# how will lowering my B14 effect my ABS system



## dbess (Aug 4, 2004)

I own a 1997 B14 4 door, which came with all wheel disc brakes (ABS) from the factory, I am in the process of upgrading my engine (SR20DE silver head) and suspension (Tein Basic Coil overs) and I was speaking to someone about this and lowering the car just under and inch about an inch and a half tops. Don't want to lose out on performance.
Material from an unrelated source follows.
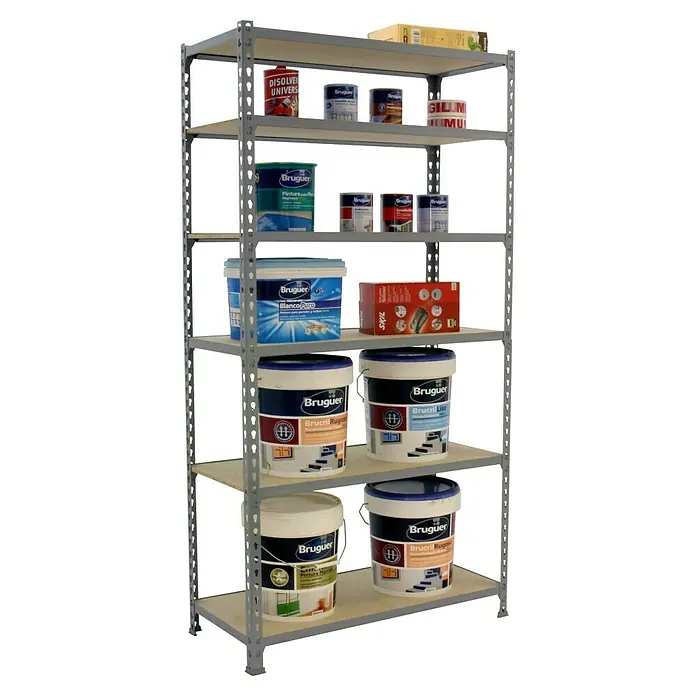 Simonrack Maderclick Metallregal Maderclick - H x B x T: 250 x 90 x 30 cm, Traglast pro Boden: 150 kg, Anzahl Böden: 6 Stk., Stecken, Grau - Ein Regal voller Bruguer Farben und Lacke. Verschiedene Größen und Sorten für jeden Bedarf, übersichtlich angeordnet.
But they were saying that once I lower the car lower than the stock height it may effect the ABS. 
I wasn't sure if they were talking out of their ass or if he was correct.


----------



## psuLemon (Apr 23, 2003)

dbess said:


> I own a 1997 B14 4 door, which came with all wheel disc brakes (ABS) from the factory, I am in the process of upgrading my engine (SR20DE silver head) and suspension (Tein Basic Coil overs) and I was speaking to someone about this and lowering the car just under and inch about an inch and a half tops. Don't want to lose out on performance. But they were saying that once I lower the car lower than the stock height it may effect the ABS.
> I wasn't sure if they were talking out of their ass or if he was correct.


As long as you do it properly, lowering yoru car will not affect anything.


----------



## wildmanee (Nov 21, 2004)

psuLemon said:


> As long as you do it properly, lowering yoru car will not affect anything.
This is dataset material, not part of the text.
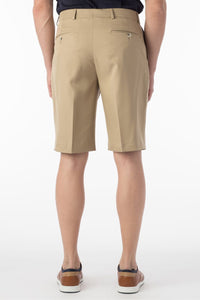Micro Nano Travel Twill Performance Gabardine Plain Front Shorts in Tan by Ballin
Haha, not affect anything negatively... but positively, yes :thumbup:


----------



## dbess (Aug 4, 2004)

I found it weird that it would cause anything to malfunction. especially the ABS system. 




wildmane said:


> Haha, not affect anything negatively... but positively, yes :thumbup:


----------



## psuLemon (Apr 23, 2003)

dbess said:


> I found it weird that it would cause anything to malfunction. especially the ABS system.
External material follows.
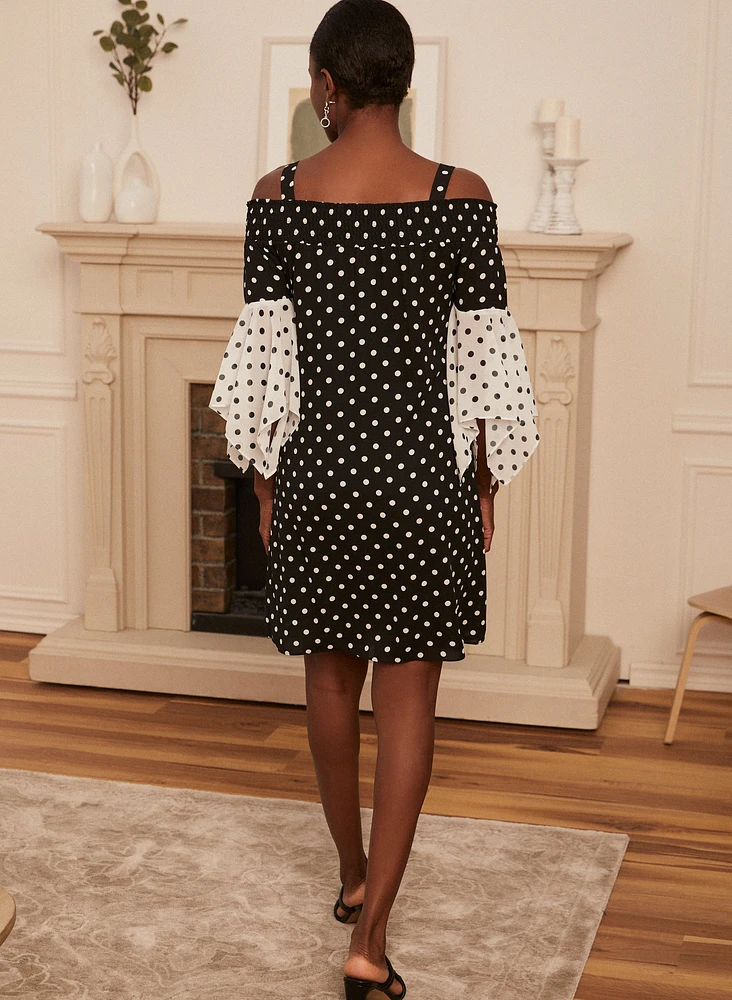 Polka Dot Off-The-Shoulder Dress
well if you dropped a car too much or improperly, you can mess up suspension geometry which could lead to your car handling worse then stock.


----------



## wildmanee (Nov 21, 2004)

dbess said:


> I found it weird that it would cause anything to malfunction. especially the ABS system.


Well, I've never heard of anything like that before. As long as you get an alignment you should be good. Just buy quality stuff though, no crap e-bay springs or coilovers.


----------



## dbess (Aug 4, 2004)

wildmane said:


> Well, I've never heard of anything like that before. As long as you get an alignment you should be good. Just buy quality stuff though, no crap e-bay springs or coilovers.


I'm actually looking in to getting a set of Tein Basic Coil overs. Do you guys think $870 shipped to miami is a good price?


----------



## 240on430 (May 3, 2005)

dbess said:


> I'm actually looking in to getting a set of Tein Basic Coil overs. Do you guys think $870 shipped to miami is a good price?



I think phase2motortrend has them for less.


----------



## DukeU03 (Jan 1, 2006)

240on430 said:


> I think phase2motortrend has them for less.


 they are also available on ebay for $831.50 from qualified Japanese parts. They have over 9,000 feedbacks and a feedback rating of 97% - so they should be a pretty good source, I am thinking of going through them if I can not find them cheaper anywhere else.


----------